Confidentiality, data and information technology protections

Data protection

Purpose

Together for Girls shall protect the security and privacy of all information, including financial information, entrusted to it. The purpose of this Data Protection Policy and Information Security Plan (the “Plan”) is to provide a framework for protecting non-public, personal identifying information (“PII”). Specifically, the objective of this Plan is to: (a) ensure the security and confidentiality of PII; (b) protect against any reasonably anticipated threats or hazards to the security or integrity of PII; (c) ensure the secure and proper disposal of PII; and (d) protect against unauthorized access to or use of PII in a manner that creates a substantial risk of identity theft or fraud to those whom Together for Girls seeks to protect under this plan.

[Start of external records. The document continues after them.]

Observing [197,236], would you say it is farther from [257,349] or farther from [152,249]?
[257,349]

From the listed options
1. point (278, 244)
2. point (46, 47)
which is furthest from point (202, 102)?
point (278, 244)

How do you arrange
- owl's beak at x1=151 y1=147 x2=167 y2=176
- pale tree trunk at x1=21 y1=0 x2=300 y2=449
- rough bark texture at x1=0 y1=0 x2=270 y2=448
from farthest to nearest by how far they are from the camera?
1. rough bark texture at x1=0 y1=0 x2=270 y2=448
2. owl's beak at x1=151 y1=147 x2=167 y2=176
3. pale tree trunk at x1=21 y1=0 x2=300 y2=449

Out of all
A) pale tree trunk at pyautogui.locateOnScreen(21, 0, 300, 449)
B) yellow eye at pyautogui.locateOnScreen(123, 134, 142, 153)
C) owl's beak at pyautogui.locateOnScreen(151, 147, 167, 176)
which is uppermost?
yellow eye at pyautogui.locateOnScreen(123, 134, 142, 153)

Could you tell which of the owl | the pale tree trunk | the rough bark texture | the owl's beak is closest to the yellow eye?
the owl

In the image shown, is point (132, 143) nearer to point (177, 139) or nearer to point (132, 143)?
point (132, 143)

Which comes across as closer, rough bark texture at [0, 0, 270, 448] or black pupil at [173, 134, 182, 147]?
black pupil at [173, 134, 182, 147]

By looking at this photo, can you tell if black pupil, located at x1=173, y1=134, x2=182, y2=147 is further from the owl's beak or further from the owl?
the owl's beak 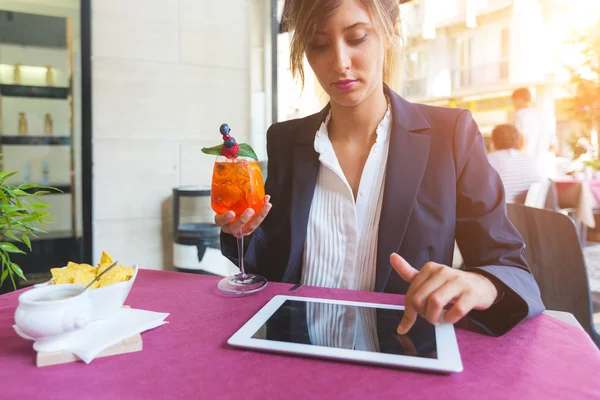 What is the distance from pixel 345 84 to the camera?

In formulating and implementing this Plan, Together for Girls has:

  • Identified reasonably foreseeable internal and external risks to the security confidentiality, and/or integrity of any records containing PII;
  • Assessed the likelihood and potential damage of these threats, taking into consideration the sensitivity of the PII;
  • Evaluated the sufficiency of existing policies, procedures, information systems containing PII, and other safeguards in place to control risks;
  • Designed and implemented this Information Security Plan that puts safeguards in place to minimize those risks, consistent with the requirements under applicable laws;
  • Implemented regular monitoring of the effectiveness of those safeguards;
  • Applied each of the foregoing risk management steps to the secure and proper disposal of PII on our systems; and
  • Addressed the reasonably foreseeable risks to PII stored on the systems of our service providers and related third-parties.

Scope

This Plan applies to Together for Girls, including its employees, contractors, temporary employees, and other users at Together for Girls, as well as those users affiliated with third parties who access/use Together for Girls information systems. The Plan uses the term, “user,” which refers collectively to all such individuals, and is not limited to all information systems under the jurisdiction or ownership of Together for Girls.

Together for Girls is committed to protecting the security and privacy of all information entrusted to it. Our internal operating processes and procedures will comply with applicable laws and regulations, as well as established industry practices.

This Plan is necessary to serve goals pertaining to operations, records and facilities.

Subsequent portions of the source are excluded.